Bu Yahudilerin ahlaki vicdanını harekete geçiren etkenler şöyle sıralanabilir:

Birincisi, pek çok kişinin nazarında İsrail’in Filistinlilere karşı ilan ettiği savaş “Soykırım” tanımına uyuyor. Sivillere yönelik işlenen bu soykırım tüm dehşetiyle dünyanın gözü önünde yürütülüyor. Bu da ahlaki bir rezalet anlamına geliyor. Bu bağlamda İsrailli gazeteci Gideon Levy, cesur bir duruş sergileyerek, “En zalim ve barbar işgal rejimi olarak İsrail, kendisini mağdur, hatta tek mağdur olarak gösteriyor ve haklarını gasp etmesini haklı çıkarmak için Filistinlileri insan dışı varlıklar olarak tanımlıyor” ifadelerini kullandı.

rth45h

ABD’li filozof Judith Butler (Open Source)

Levy, değerlendirmesine şu sözlerle devam etti:

1948 yılından beri İsrail, Gazze’yi cezalandırıyor… Tutukluyoruz, öldürüyoruz, yağmalıyoruz, göç ettiriyoruz, topraklarına el koyuyoruz, etnik temizlik yapıyoruz ve de kuşatmaya devam ediyoruz… Şimdi İsrailli kurbanlar için acı acı ağlamalıyız. Ama halkının çoğunluğunu, İsrail’in eliyle boğulan mültecilerin oluşturduğu Gazze için de ağlamalıyız. Gazze bir gün olsun özgürlüğü tatmadı. (Haaretz, 8/10/2023)

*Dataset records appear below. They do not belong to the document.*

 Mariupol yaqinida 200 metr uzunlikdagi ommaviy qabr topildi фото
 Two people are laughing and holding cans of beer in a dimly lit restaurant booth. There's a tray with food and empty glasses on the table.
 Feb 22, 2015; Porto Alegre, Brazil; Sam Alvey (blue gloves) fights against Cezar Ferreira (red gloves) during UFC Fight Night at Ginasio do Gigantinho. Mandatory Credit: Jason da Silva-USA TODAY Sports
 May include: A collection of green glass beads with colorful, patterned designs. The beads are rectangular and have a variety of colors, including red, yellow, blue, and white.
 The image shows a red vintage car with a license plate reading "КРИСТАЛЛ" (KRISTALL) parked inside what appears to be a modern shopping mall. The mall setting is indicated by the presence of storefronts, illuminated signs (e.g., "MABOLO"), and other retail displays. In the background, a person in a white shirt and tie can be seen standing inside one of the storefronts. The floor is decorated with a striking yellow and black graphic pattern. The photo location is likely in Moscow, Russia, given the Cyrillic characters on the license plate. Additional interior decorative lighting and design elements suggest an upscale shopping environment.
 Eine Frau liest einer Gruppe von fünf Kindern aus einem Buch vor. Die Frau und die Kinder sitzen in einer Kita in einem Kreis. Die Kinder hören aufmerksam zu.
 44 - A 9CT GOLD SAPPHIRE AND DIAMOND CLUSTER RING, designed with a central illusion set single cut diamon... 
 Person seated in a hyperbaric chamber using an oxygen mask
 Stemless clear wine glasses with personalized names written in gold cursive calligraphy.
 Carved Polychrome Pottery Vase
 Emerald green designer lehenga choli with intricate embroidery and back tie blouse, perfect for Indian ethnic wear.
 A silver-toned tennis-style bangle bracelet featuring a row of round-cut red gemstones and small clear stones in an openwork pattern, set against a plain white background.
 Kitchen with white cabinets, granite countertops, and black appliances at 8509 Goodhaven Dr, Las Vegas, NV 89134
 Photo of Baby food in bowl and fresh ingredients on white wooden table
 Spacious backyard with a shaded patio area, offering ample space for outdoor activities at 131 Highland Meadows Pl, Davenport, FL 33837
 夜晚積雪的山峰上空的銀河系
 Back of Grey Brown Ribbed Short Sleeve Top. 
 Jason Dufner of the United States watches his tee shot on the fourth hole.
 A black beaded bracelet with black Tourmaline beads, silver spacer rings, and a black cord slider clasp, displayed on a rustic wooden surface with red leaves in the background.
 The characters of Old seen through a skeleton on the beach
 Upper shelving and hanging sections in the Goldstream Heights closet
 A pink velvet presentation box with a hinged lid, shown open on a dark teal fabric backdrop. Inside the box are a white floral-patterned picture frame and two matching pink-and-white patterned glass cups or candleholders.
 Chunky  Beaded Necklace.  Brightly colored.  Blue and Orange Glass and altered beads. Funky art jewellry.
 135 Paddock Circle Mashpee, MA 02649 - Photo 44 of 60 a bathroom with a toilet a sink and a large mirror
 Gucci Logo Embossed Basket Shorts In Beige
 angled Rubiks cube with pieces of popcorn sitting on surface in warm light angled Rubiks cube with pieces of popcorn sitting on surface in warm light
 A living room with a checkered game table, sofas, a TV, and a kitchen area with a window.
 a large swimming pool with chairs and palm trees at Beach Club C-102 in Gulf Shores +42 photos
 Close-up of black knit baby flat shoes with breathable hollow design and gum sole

İkincisi, İsrail’in kendisini, onun kurbanları haline gelen Filistinlilere karşı etnik temizlik ve yakılmış topraklar politikası uygulayarak nefsi müdafaada bulunan bir mağdur gibi göstermek için Holokost olayını istismar etmesidir. Norman Finkelstein’a göre bazı Yahudiler, bu karşılaştırmaya itiraz ederek, “Bizim adımıza değil” sloganıyla İsrail’in dünyadaki tüm Yahudileri temsil etmediğini dile getiriyorlar.

Antisemitizm kalkan olarak kullanılıyor

Üçüncüsü, bazı Batılı hükümetlerin bu savaşa koşulsuz destek vermesi ve ‘Yahudi karşıtlığıyla (antisemitizm) mücadele adı altında İsrail’in eleştirilmesini engellemeye çalışmasıdır. Halbuki Yahudi karşıtlığının ve Holokost’un üretiminden bizzat Batı sorumlu. Batı, sanki İsrail’in Filistinlilere yönelik vahşetini örtbas ederek kendi sebep olduğu Yahudi kurbanlara dair sicilini temizlemeye çalışıyor.

“Avraham Burg, ‘radikal ve ırkçı Yahudi milliyetçiliği, Arap karşıtlığı; liberalizm, demokrasi, ekonomik ve toplumsal eşitlik karşıtlığı gibi esaslarıyla’ İsrail’deki aşırı sağı Almanya’daki Nazizm’e benzetiyor”

ABD’li Yahudi filozof Judith Butler, bunu kınayanların başında geliyor. Butler, düşüncesini şu sözlerle ifade etti:

“İsrail devletini eleştirenlerin Yahudi karşıtları veya Yahudi iseler bile kendilerinden nefret eden Yahudiler olduğunu iddia etmek yanlış, saçma ve üzücüdür. Bir Yahudi olarak zulme karşı ses çıkarmak ve ırkçılığın her türlüsüne karşı mücadele etmek benim için oldukça önemli.”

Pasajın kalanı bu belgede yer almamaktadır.